Sample Image - ExceptionHandling.gif


In Visal Basic 6, there was no way to globally handle all of the errors in your application. You could simulate one by wrapping every sub or function in an On Error statement, but that was rather painful.

One of the great features of .NET is the very powerful thread and application level exception handling mechanisms that make developing a global error handler practical. One of the first things I set out to do when starting with .NET was finally implement all those great global error handling ideas I had considered, but had to abandon in the last 5 years of working with VB5 and VB6. I found an excellent article on Code Project documenting the basic techniques of unhandled exception handling in .NET, so armed with that, I set out to implement my "dream" error handling system.

At the time of the unhandled exception, my UnhandledExceptionHandler class will:

  • Display a user-friendly message
  • Capture a screenshot of the user's desktop
  • Build a string containing all the diagnostic information possible
  • Notify the developers via SMTP e-mail, and include the screenshot
  • Write an event to the event log
  • Write a text log in the application folder

About Unhandled Exceptions

The great thing about a good global exception handler is that it makes the rest of your code easier to read. Rather than cluttering up your code with Try..Catch blocks for every possible error condition, no matter how rare, you can simply rely on the solid, built-in global handler to deal with those oddball scenarios-- and to notify you when they happen!

So then the natural question that most developers ask is, "When should I catch exceptions"? And it's a very good question. Here are some guidelines that I have found useful.

  1. Unless you have a very good reason to catch an exception, DON'T. Exceptions are supposed to be exceptional, just like the dictionary meaning: uncommon, unusual. When in doubt, let the calling routine, or the global exception handler, deal with it. This is the golden rule. The hardest kinds of exceptions to troubleshoot are the ones that don't even exist, because a developer upstream of you decided to consume it.
  2. If you can correct the problem implied by the exception. For example, if you try to write to a file and it is read-only, try removing the read-only flag from the file. In this case you handled the exception and fixed the problem, so you should eat the exception. It doesn't exist, because you fixed it.
  3. If you can provide additional information about the exception. For example, if you fail to connect via HTTP to a remote website, you can provide details about why the connection failed: was the DNS invalid? Did it time out? Was the connection closed? Did the site return 401 unauthorized, which implies that credentials are needed? In this case you want to catch the exception, and re-throw it as an inner exception with more information. This is a very good reason to catch an exception, but note that we are still re-throwing it!
  4. Always try to catch specific exceptions. Avoid catching System.Exception whenever possible; try to catch just the specific errors that are specific to that block of code. Catch System.IO.FileNotFound instead.
There are, of course, times when you'll want to violate these rules for completely legitimate reasons-- but at least consider them before you do.

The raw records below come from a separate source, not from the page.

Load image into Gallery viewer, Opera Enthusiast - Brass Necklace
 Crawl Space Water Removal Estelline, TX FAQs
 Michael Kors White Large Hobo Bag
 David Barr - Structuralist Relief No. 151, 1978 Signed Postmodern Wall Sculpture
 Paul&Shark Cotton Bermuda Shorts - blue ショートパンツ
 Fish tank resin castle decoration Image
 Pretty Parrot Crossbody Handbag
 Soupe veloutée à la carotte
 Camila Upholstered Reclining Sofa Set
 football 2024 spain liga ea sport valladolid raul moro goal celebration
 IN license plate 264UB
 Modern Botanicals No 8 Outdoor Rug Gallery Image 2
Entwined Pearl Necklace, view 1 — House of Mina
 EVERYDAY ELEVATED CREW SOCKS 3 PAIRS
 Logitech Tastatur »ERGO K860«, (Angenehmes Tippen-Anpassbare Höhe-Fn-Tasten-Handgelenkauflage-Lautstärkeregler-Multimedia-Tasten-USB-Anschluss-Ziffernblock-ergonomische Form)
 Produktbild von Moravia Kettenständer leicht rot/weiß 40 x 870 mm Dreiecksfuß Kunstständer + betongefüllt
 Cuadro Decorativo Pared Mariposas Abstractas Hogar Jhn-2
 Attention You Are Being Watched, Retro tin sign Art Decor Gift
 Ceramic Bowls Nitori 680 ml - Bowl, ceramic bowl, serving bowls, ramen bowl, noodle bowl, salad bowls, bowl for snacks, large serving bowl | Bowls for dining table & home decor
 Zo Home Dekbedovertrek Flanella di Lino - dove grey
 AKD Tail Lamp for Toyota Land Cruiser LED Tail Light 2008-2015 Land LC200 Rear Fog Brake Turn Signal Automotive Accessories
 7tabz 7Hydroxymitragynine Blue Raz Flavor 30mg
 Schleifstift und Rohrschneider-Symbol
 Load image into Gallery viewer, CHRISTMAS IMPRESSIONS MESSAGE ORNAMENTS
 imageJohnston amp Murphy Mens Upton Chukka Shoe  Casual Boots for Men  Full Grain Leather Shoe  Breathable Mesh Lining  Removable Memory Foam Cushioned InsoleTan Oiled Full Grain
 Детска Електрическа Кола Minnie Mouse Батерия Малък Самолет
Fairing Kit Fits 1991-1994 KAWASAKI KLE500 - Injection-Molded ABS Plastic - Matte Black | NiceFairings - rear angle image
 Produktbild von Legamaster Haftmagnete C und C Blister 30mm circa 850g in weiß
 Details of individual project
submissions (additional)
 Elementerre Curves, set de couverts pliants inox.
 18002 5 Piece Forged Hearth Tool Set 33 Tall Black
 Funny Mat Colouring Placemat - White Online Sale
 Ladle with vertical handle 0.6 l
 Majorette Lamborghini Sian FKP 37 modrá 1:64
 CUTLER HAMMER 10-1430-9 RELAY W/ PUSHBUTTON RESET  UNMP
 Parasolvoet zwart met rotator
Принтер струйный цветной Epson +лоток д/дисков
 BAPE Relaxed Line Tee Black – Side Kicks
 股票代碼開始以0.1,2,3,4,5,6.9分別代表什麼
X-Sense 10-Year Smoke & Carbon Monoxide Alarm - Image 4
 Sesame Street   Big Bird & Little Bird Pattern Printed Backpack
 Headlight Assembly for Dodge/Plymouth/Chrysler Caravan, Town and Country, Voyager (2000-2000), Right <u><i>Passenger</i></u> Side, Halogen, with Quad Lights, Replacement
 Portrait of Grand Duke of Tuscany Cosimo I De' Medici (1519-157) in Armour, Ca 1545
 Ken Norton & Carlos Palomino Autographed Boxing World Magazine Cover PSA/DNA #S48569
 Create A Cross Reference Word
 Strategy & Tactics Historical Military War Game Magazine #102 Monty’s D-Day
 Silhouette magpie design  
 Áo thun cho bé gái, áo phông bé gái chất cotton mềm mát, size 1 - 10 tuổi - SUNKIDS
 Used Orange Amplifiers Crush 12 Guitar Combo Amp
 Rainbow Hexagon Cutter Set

This approach leverages two specific exception handlers. The Application.ThreadExceptionHandler, which works for the main application thread of a Windows Forms application:
AddHandler Application.ThreadException, AddressOf ThreadExceptionHandler

And the AppDomain.CurrentDomain.UnhandledException handler, which works for Console applications:

AddHandler System.AppDomain.CurrentDomain.UnhandledException, _
                                      AddressOf UnhandledExceptionHandler

This leaves out one large class of .NET applications: web apps. I've experimented with this, and I do not believe it is desirable to handle web exceptions using the exact same classes that you use to handle Console and WinForms exceptions. They have different needs. I do have a variant of this class I use in server-side Web Services and ASP.NET applications, but it's significantly different. This article will only cover exception handling techniques appropriate for Console or Windows Forms executables.

The other thing we need to be aware of is multi-threaded applications. The default exception handling only covers the main application thread. If you are spawning additional threads in your application, you must remember to set up the unhandled exception handler for each new thread you spawn.

Using UnhandledExceptionManager

Setting up the unhandled exception handler is very easy, but it must be done as soon as possible at application startup by calling UnhandledExceptionManager.AddHandler()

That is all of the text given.